The Second Law of Lyttleton – Prepare for Everything, Plan for Nothing
Like the Nice/Considerate dichotomy in the first law, this may seem like splitting hairs. But I assure you, there is a major difference between preparing and planning. As I go about this not entirely reasonable goal of living in 10 cities in 10 years, I must constantly be preparing for what comes next, and all the many unexpected happenings that could possibly derail my ambitions. Financial problems, health issues, personal relationships; all of these things and many more could conceivably become a disruption in the process. While I cannot possibly foresee every possible bump in the road, I can do my best to be prepared like a good Boy Scout. I save money religiously and I anticipate unexpected expenses in my budget by always rounding down how much money I have (and how much I will make). Essentially, I prepare for the worst, hope for the best and usually get somewhere in between.
That sort of foresightedness (not a word? Don’t care.) has saved my bacon plenty of times.
But I’ll tell you what I hate: Planning my life. Nothing bothers me more than having someone else try to tell me what I will (or should) be doing next year, or even in the next 5 months. I intentionally don’t settle on my next city until a couple months before the move because I like to let the free flow of chance enter into the equation. Philadelphia was a last minute choice. So was SoCal.

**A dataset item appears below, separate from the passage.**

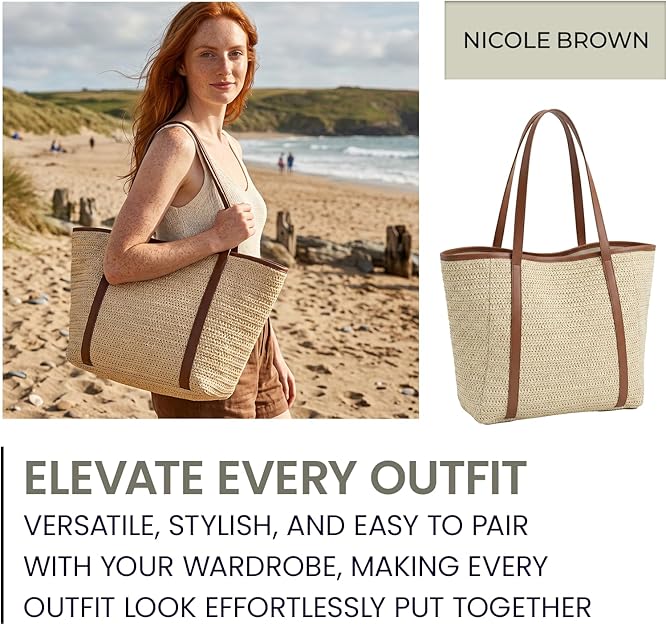 Nicole Brown Straw Tote Bag for Women – Summer Beach Shoulder Bag with Magnetic Closure & Inner Zip Pocket, Lightweight Woven Shopper for Holidays, Travel & Everyday Use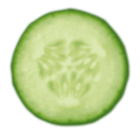 Uma rodela de pepino.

San Fran wasn’t last minute, but the move changed considerably in the last 2 months (including who I moved with). Chicago was probably the most ‘planned’ of all my moves, though seeing as this city has always been on the list of next possible cities, Chicago was inevitably going to feel planned whenever I ended up here.

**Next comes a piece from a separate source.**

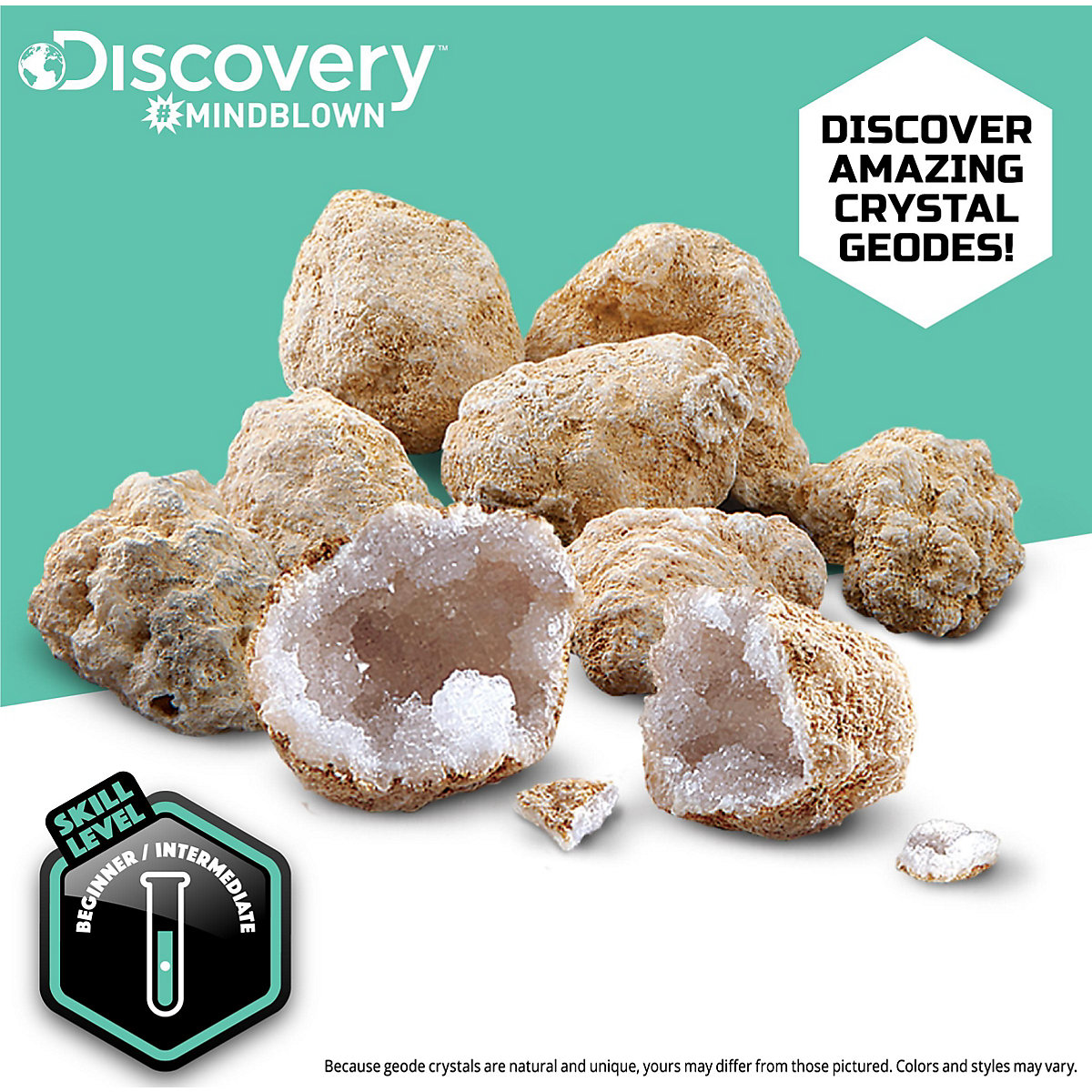 Toy Mystery Crystals Geode Excavation Kit 14pc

I don’t go to cities with itineraries, I don’t sit down and figure out my next move and I don’t try to map out the next 5 years of my life and hope to have my love life and career all settled by the time I’m 30 or 35 or 40 or whatever. Again, I prepare for any number of options, and no one is better than I at anticipating the future, but I will never try to rein it in and I won’t attempt to walk it down a set path.
I’ve said it before and I’ll say it again: 10 Cities in 10 Years is about the experience, not the plan, and while I am fairly set on this goal, if I don’t make all 10 cities, or if I don’t do it in exactly 10 years, that won’t be the end of my world.
I’m traveling, and that’s the point.
Which brings me to the final law.
The Third Law of Lyttleton – The Road is Life
What needs to be said, really? This is the motto and the ideal that set me on the path I’m on, and for me that simple phrase represents so much. Yes, it means that I love to travel and that my favorite parts of life are those spent On The Road, but to me, ‘the road’ in that phrase from Kerouac’s most famous book also means Change. Change is life. Not simply acknowledging or accepting the changes that occur in life, but fully embracing them and jumping feet first into them like they were a rushing river.
Every change that occurs in your life will bring with it a portion of difficulty, whether it be a career change, a locale change or a relationship change. Most people spend their every waking breath ensuring that those things don’t change, and to me that’s sad. You have 60 or 70 or 80 (or 42) years on this planet, nothing before and nothing after, and all you want to do is make sure you experience the same thing again and again, day after day?
No, that’s not life. Life is at a great remove, always exceeding the horizon and challenging you to keep up, taunting you with the unseen and alluring you with possibilities. People will claim that life is about finding happiness. I think we should be a lot more ambitious.
7 thoughts on “Lyttleton’s Laws”
You should be a life coach. Seriously.
If I was someone’s life coach, I’d probably get them killed.
Which could be good.
It’d be a good marketing angle: Life coach for risk-takers.
That’ll be the tagline on my business card.